元・ロレアルCDO 長瀬次英氏は、なぜLDHへの入社を決めたのか

CDOという仕事の可能性を広げていく

−LDHのデジタルマーケティング本部とは、どのような組織なのでしょうか。

 デジタルマーケティング本部の傘の下に物販、販促、マネージメント、チケット、モバイル・アプリ、メディアコンテンツ、コールセンターなどが入っています。私の入社した8月に組織を大きく変更してもらいました。

 なぜなら、これらの部門は、全てファンとの接点だからです。ファンとの接点を通じて、データを入手し、一元化し、さらにそれをどのように増やしていくのか、ビジネス全体を俯瞰して捉え直して、必要な箇所にツールを入れたり、施策を行っていったりします。そういう意味では、ロレアルのときに担っていた役割と大きくは変わらないかもしれません。

 ただ私は、ロレアルやユニリーバなどでは主にプロダクトのマーケティングを経験してきましたが、タレントという人を扱ったことはありません。
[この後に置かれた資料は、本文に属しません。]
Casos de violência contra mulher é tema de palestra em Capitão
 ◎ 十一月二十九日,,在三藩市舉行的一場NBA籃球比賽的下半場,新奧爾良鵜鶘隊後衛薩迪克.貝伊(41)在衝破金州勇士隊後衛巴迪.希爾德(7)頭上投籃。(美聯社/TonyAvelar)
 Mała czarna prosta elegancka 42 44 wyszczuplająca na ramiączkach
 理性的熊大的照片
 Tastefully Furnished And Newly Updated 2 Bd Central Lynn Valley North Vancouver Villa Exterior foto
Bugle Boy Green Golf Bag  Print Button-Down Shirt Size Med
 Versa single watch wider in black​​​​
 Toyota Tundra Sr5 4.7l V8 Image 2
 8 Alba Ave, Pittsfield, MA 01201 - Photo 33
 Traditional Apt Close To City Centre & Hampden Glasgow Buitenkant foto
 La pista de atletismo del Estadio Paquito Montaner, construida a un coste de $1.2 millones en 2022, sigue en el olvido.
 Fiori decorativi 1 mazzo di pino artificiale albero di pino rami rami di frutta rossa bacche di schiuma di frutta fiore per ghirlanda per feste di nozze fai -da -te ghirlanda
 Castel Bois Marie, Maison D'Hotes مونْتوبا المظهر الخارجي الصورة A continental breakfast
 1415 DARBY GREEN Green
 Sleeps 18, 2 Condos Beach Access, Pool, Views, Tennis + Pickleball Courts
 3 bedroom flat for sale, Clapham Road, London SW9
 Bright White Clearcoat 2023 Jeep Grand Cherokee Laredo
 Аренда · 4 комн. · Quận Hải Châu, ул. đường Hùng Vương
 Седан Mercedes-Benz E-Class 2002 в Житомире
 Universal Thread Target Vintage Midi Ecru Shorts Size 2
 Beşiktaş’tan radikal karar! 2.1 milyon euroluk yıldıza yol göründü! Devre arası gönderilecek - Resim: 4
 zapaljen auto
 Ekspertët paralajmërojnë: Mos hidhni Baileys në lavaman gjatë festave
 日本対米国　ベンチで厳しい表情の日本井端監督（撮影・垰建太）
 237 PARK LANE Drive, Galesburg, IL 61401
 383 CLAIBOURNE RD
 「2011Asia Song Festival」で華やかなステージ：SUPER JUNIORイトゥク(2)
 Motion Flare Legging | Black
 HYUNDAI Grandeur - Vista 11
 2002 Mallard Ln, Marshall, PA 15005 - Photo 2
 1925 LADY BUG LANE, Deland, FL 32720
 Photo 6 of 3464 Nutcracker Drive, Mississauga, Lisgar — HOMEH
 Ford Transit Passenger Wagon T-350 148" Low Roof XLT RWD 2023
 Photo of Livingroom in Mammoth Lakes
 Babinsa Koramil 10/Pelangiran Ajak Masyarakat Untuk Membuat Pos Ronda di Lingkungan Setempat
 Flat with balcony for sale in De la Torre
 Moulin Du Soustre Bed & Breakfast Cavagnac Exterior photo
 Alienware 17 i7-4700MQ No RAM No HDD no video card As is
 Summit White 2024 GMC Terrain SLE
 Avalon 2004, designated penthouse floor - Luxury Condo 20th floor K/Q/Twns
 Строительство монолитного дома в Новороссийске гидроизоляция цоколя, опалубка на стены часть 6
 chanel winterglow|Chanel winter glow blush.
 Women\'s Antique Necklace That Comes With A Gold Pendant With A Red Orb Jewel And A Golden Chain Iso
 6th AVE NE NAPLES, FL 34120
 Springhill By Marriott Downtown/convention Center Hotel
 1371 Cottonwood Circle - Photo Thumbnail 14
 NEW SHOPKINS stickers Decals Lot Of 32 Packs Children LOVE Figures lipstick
LDHが所属するグループには、熱狂的なファンがいるだけに、自分がこれまで取り組んできたインサイトの理解とは異なると思います。だからこそ、面白いと思いっています。

−長瀬さんとしても、新たな挑戦になるわけですね。

 そうですね。実はロレアルにいる間に、CEOのオファーもたくさんいただいたのですが、個人的にはもっと日本にデジタルのリーダーを増やさないといけない、CDOという仕事に厚みを持たせないといけないと思っていたんです。

 現在、日本にはCDOという役職をもつ人が50人ぐらいいますが、詳しく話を聞くとEC部門のトップという立場だったり、本来CDOが担う全社の方向性・戦略をつくったり、社員のマインドを変えたりといった仕事を担っていないことも多いように思います。

 これには、経営的な観点でロジカルにデジタルをどう入れていくのかという必要性が認知されておらず、マーケットのリテラシーが追い付いていないという理由があると思います。LDHでは、エンターテインメントはもちろん飲食、ライブ、タレントマネジメント、スクールなど、複合的な経験を積むことができます。そういう意味では、日本における CDOという仕事の可能性を広げることにもなると思っています。